■ **Your task**
Give the tally of lines in the listing that include "Shirt". No other words belong in the answer.

■ **Information**
┄┄┄┄┄┄┄┄┄┄

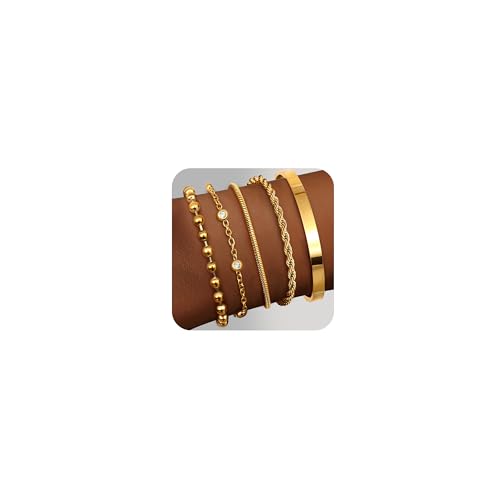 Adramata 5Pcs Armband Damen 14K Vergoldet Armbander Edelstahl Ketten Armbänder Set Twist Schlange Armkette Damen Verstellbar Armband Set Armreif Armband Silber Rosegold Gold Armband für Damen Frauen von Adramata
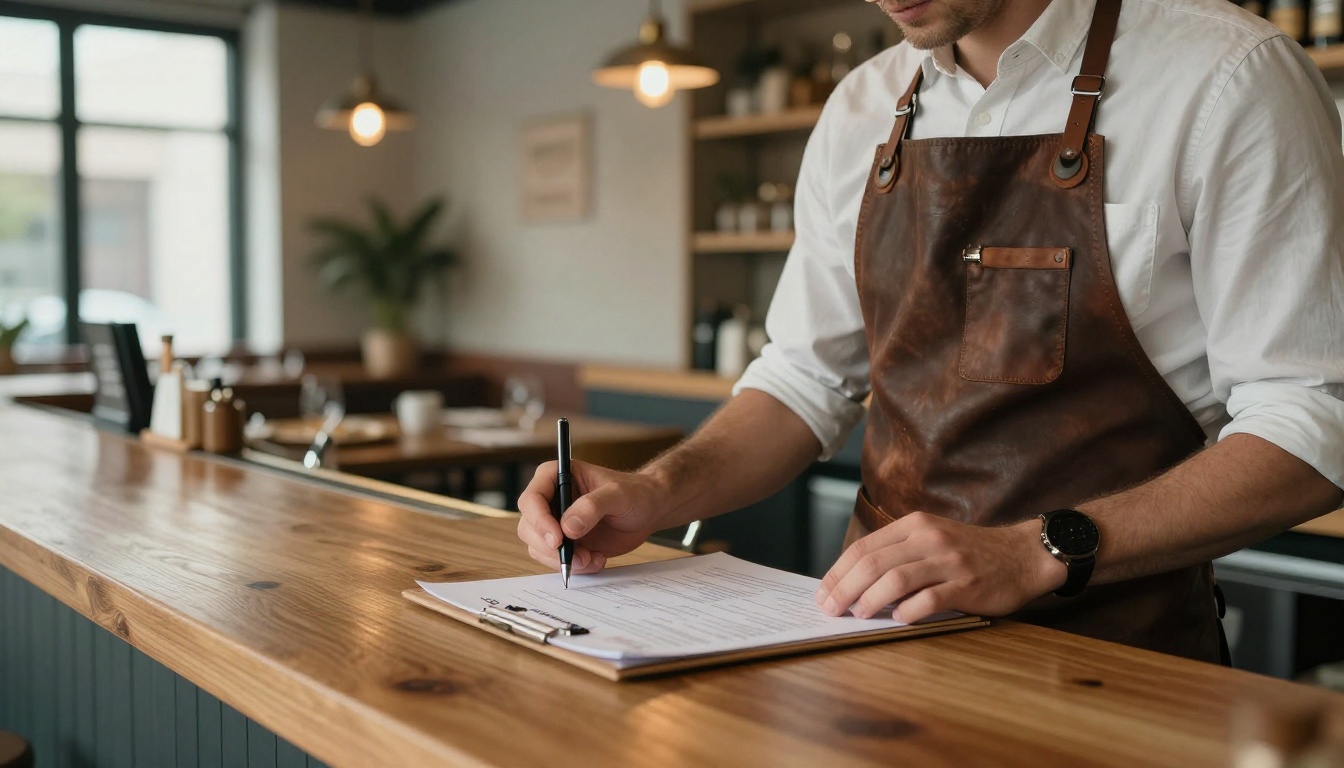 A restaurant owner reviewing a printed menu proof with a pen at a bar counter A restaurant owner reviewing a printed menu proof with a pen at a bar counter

┄┄┄┄┄┄┄┄┄┄

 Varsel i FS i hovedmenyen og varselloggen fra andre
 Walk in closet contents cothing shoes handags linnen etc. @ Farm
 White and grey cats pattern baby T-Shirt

┄┄┄┄┄┄┄┄┄┄

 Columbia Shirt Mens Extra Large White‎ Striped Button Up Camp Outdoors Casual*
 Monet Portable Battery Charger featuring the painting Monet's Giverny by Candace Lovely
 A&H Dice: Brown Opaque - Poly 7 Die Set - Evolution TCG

┄┄┄┄┄┄┄┄┄┄

■ **Output**
2